Ich habe einen GdB von 80. Darf ich „behindertenfeindlich“ sein???

@Corrada Du darfst natürlich sein wie Du magst. Wir heißen jede und jeden willkommen. Wir haben uns im Kontext dieses Forums aber dafür entschieden, bestimmte Leitlinien zu einer konstruktiven Kommunikation einzuhalten. Bitte beherzige diese bei allen Beiträgen zum besten Deines Wissens und Gewissens: https://community.tomorrow.one/faq.
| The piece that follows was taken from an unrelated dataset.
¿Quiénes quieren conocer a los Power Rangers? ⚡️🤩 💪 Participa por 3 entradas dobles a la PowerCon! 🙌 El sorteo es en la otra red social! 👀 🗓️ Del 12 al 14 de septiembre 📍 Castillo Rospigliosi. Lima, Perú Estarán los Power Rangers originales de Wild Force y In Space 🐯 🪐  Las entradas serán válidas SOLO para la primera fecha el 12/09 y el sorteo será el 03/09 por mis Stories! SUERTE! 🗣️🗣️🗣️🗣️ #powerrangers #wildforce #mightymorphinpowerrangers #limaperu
Das gilt selbstverständlich für alle Nutzerinnen universell. :slight_smile:

Das heißt, ich soll mich als Betroffene jetzt doch wieder zurückhalten und das Feld den nicht-Behinderten überlassen? Vielleicht erinnert sich jemand an Samuel Koch. Der war bei Thomas Gottschalk „Wetten dass“ schwer verunglückt. Heute vom Hals an querachtsgelähmt. Aber Schauspieler. Hat einen Film über einen Querschnittsgelähmten in einem Pflegeheim gedreht. Der lässt sich von seinem Pfleger in einen Müllsack stopfen und in der Mülltonne entsorgen. Ist tatsächlich in der Realität so passiert.
Mir gefällt der unglaubliche Sarkasmus daran! Alles andere erscheint mir sehr verlogen!